> _WHAT THE TASK REQUIRES_
In the reply, give back exactly the lines from the one with "Youth Batting Helmet E997" through the last line of the records, without pictures.

====== INFORMATION PROVIDED

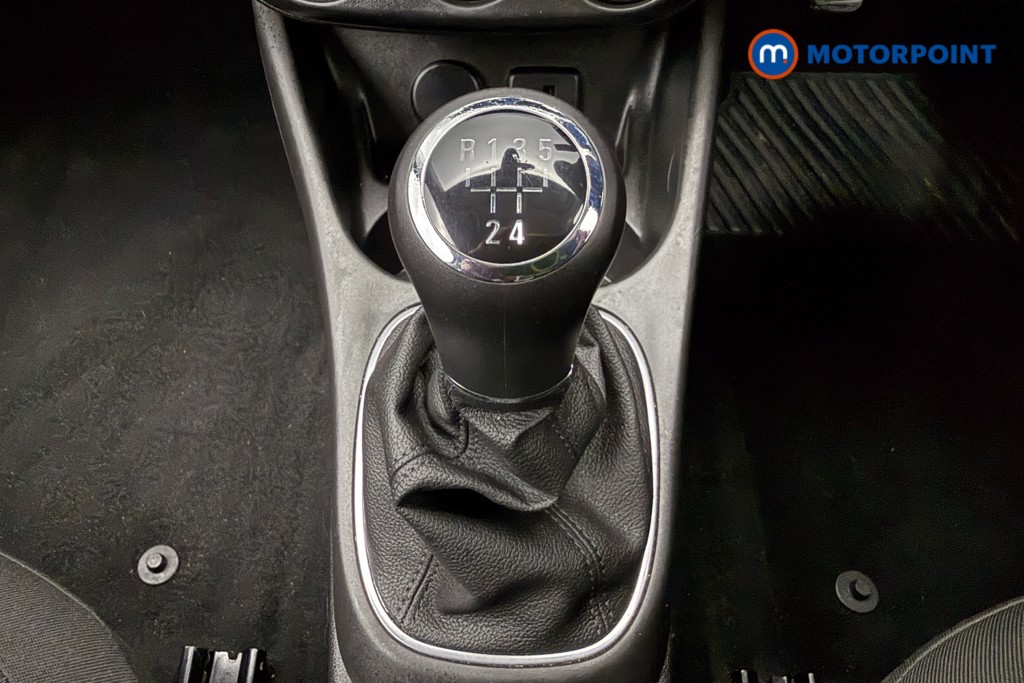 Vauxhall Corsa Energy Manual Petrol Hatchback - Stock Number (1619929) - 5th supplementary image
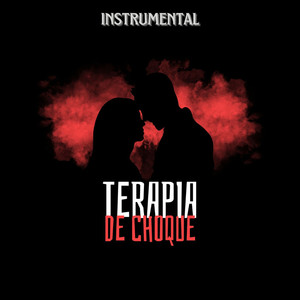 TERAPIA DE CHOQUE (Instrumental)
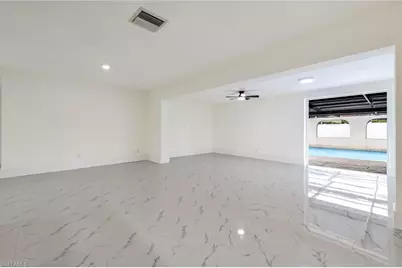 3137 SE 22nd Ave, Cape Coral, FL 33904 - Photo 13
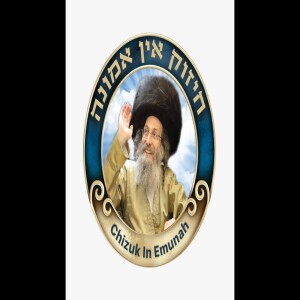 ר’ מיילך בידרמן וישלח, תשפ”ה | Rabbi Elimeilech Biderman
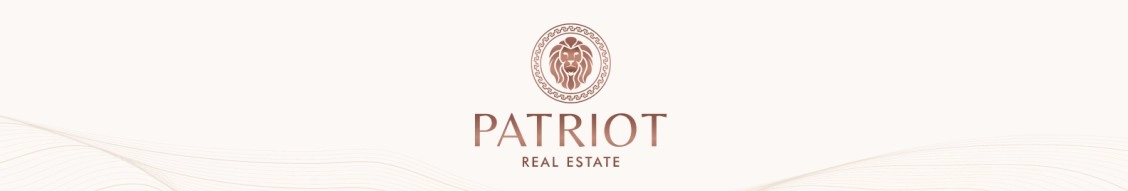 Patriot Real Estate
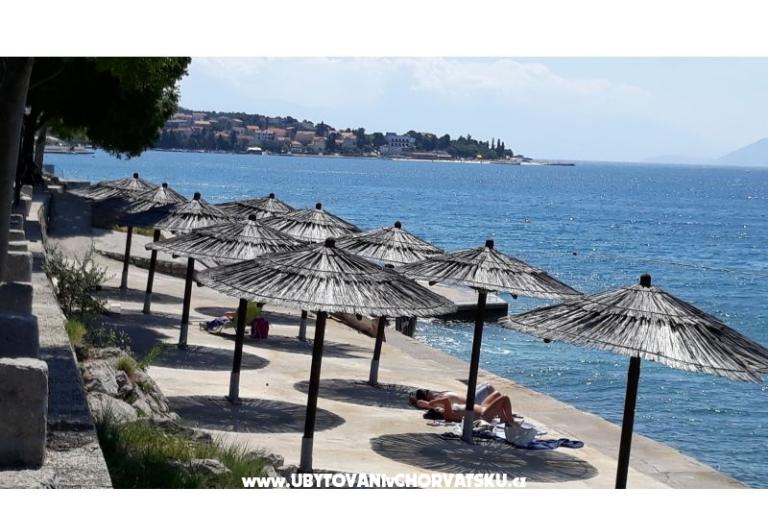 Appartamento LINA – foto 18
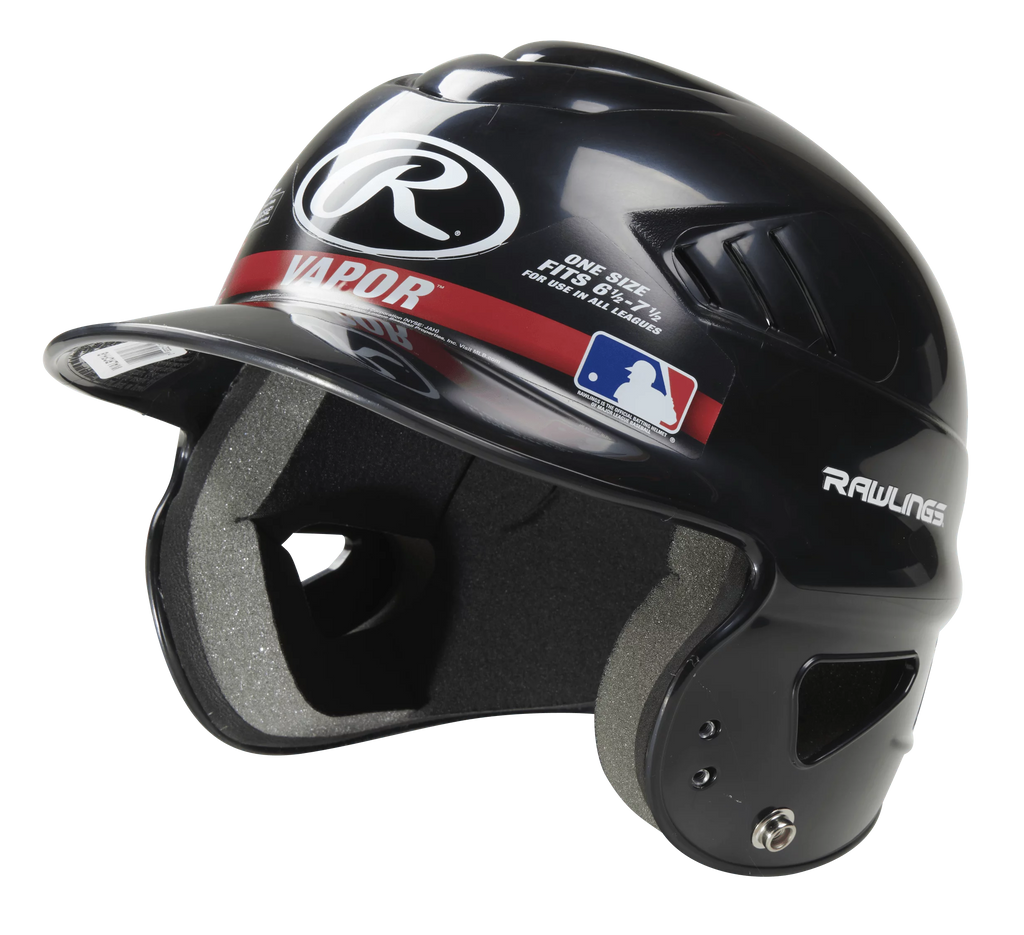 Youth Batting Helmet E997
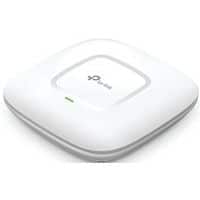 Plafonnier wifi dual band AC1750 gigabit poe Tp-link EAP245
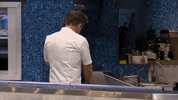 gordon ramsay fox GIF by Hell's Kitchen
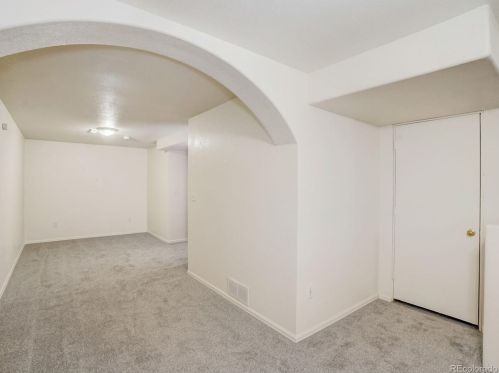 2211 Alpine Ave, Greeley CO 80631-9026 exterior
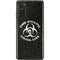 Zombie Apocalypse Survival Guide Galaxy S20 Fan Edition Skin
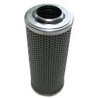 SF HY 16143 Filter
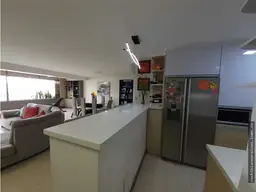 View 8
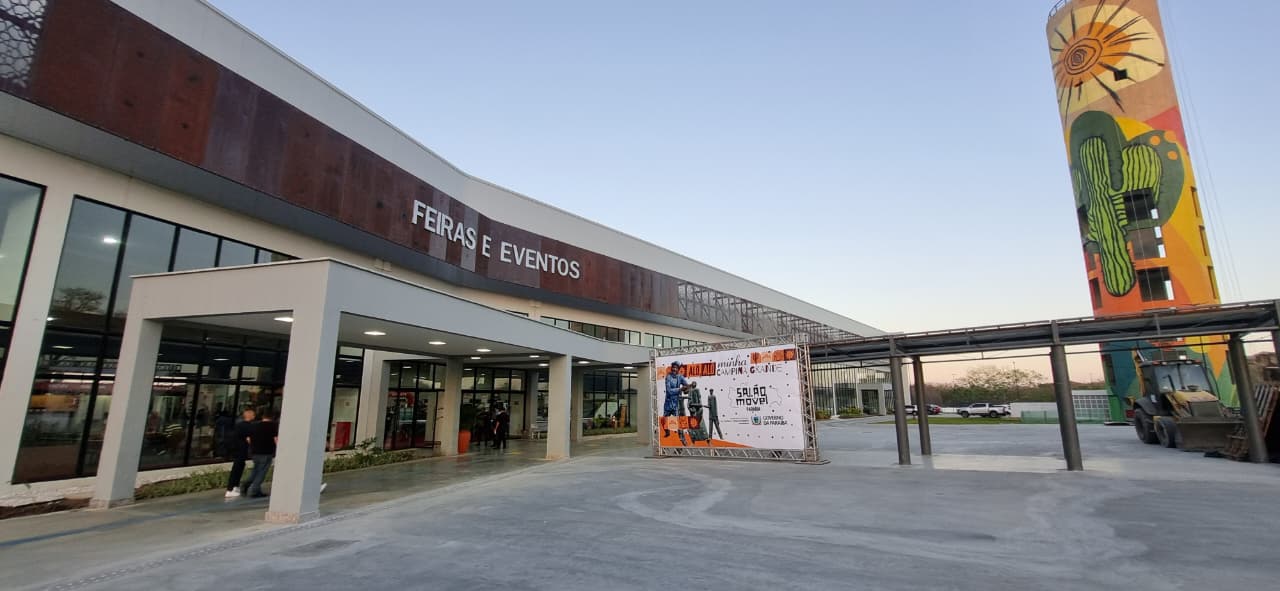 feira movel 2026 (1).jpeg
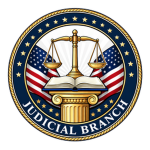 [DLAF] United States Army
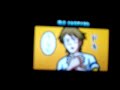 Ouendan 2 Kibun Jo Jo Insane S Rank Ouendan 2 Kibun Jo Jo Insane S Rank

============

> _WRITTEN RESPONSE_
 Youth Batting Helmet E997
 Plafonnier wifi dual band AC1750 gigabit poe Tp-link EAP245
 gordon ramsay fox GIF by Hell's Kitchen
 2211 Alpine Ave, Greeley CO 80631-9026 exterior
 Zombie Apocalypse Survival Guide Galaxy S20 Fan Edition Skin
 SF HY 16143 Filter
 View 8
 feira movel 2026 (1).jpeg
 [DLAF] United States Army
 Ouendan 2 Kibun Jo Jo Insane S Rank Ouendan 2 Kibun Jo Jo Insane S Rank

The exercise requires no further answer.